• _Try it_
Take the line with "3000ام الكلاص الاسود حداديه تخم تاير ويل كب" and every line after it in the data. Transcribe them exactly, through the last.

● ● ● ● ● ● ●

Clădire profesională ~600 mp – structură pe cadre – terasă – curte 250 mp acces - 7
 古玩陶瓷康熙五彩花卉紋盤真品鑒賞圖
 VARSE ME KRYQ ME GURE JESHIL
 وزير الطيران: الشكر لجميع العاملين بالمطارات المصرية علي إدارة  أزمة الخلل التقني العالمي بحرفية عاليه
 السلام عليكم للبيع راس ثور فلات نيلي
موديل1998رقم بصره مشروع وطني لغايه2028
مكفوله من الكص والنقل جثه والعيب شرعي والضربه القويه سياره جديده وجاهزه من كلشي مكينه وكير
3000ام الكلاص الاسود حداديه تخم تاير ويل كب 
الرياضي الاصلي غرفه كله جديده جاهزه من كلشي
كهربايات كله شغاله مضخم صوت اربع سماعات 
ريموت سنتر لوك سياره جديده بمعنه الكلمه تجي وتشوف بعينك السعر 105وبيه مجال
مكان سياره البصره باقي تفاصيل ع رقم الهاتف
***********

● ● ● ● ● ● ●

• _Your solution_
3000ام الكلاص الاسود حداديه تخم تاير ويل كب 
الرياضي الاصلي غرفه كله جديده جاهزه من كلشي
كهربايات كله شغاله مضخم صوت اربع سماعات 
ريموت سنتر لوك سياره جديده بمعنه الكلمه تجي وتشوف بعينك السعر 105وبيه مجال
مكان سياره البصره باقي تفاصيل ع رقم الهاتف
***********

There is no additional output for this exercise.